Ya tentu saja aku mau. Dia adalah perempuan pertama di hatiku. Aku tak peduli resiko apa yang akan aku dapat nanti di depan.
Bulan berlalu. Hubungan ku dan Yanti berjalan cukup baik. Sampai saat yang menyakitkan itu terjadi. Siang hari, lagi-lagi hari sabtu, jam pelajaran terakhir guru mata pelajaran IPS berhalangan hadir. Seisi kelas riuh, gaduh. Masing-masing memiliki kawan tempat bercerita. Aku sendiri hanya diam, mencatat apa yang sedang dicatat Marwah di papan tulis sebagai tugas dari guru IPS. Kali itu hanya beberapa orang yang memperdulikan. Selebihnya tertawa terbahak-bahak bercanda, dan apalah apalah.

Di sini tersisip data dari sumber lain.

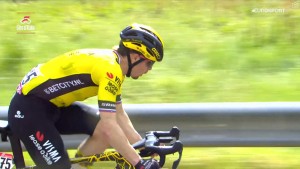 Decathlon-AG2R La Mondiale asombra también en el Giro de Italia 2024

Yanti duduk sendiri tampak gelisah. Sesuatu terjatuh dari tasnya. Kemudian aku tahu jika itu sepucuk surat. Hatiku sudah tak enak sejak tadi pagi, dari tadi pagi Yanti menunjukkan gelagat aneh. Aku tidak merasa mengiriminya surat. Hatiku langsung berkesimpulan bahwa itu surat dari mantannya. Seisi kelas sudah tahu jika aku punya hubungan special dengan Yanti, aku sudah bisa membayangkan reaksi kawan-kawan sekelas jika semua orang tahu jika surat itu dari pacar yanti yang dulu. Seseorang mengambil surat itu, dan dengan jailnya ia membacakannya dengan lantang di depan kelas. Aku tak mau menghiraukan. Aku bergegas keluar, menuju… WC.
**
Sejak kejadian itu aku lebih memilih diam. Yanti pun tak banyak menyapa dan menegurku. Ia lebih banyak menghindar. Hanya Hani yang aku rasa mengerti perasaanku saat itu. Hani memberiku nasihat, agar aku menyudahi hubunganku dengan Yanti yang tampak hanya memanfaatkanku saja. Nasihatnya itu aku lakukan. Dan aku bersumpah tak akan pernah menyukai perempuan manapun, tak akan membuka hati untuk siapapun setelah putus dengannya. Entah itu sumpah apa, tapi benar, yang aku rasakan, jangankan membuka hati kepada yang lain, melupkan kenangan indah yang pernah dilalui bersamanya pun begitu sulit. Sampai aku akhirnya bertemu dengan perempuan lain yang kini menjadi istriku.
**
Tahun berlalu, aku berhasil melupakan Yanti. Namun Facebook itu menguak kembali harapan-harapan yang tentunya harus segera aku hapuskan. Antara bahagia dan bimbang kini aku rasakan. Yanti tetap cantik menawan hati. Dan entah kenapa kini aku berharap ingin menemuinya lagi, berharap ada cerita yang berbeda, kisah yang berbeda. Rasanya aku ingin memulai lagi lembaran baru di dunia lain, yang tak ada seorangpun yang kami kenal, hidup berdua memulai kisah baru, keluarga baru, memiliki anak, dan… eh???
**
Seorang murid perempuan menghampiri, menyadarkanku dari lamunan panjang. Bel masuk telah berbunyi. Aku harus segera melangkahkan kaki ke kelas, menjadi guru, menjadi saksi berseminya cinta-cinta monyet di setiap kelas yang aku masuki. Di kantin sekolah, di gang-gang kelas, di perpustakaan, di pintu gerbang, dan di manapun kakiku melangkah, selama itu masih di lingkungan sekolah, kenangan itu akan selalu terbanyan, tertanam kokoh. Tentangmu, Neng ku.
Aku sudahi ceritanya. Kalian yang baca, jangan bilang-bilang ya… Ini kisahku. Sebuah Rahasia.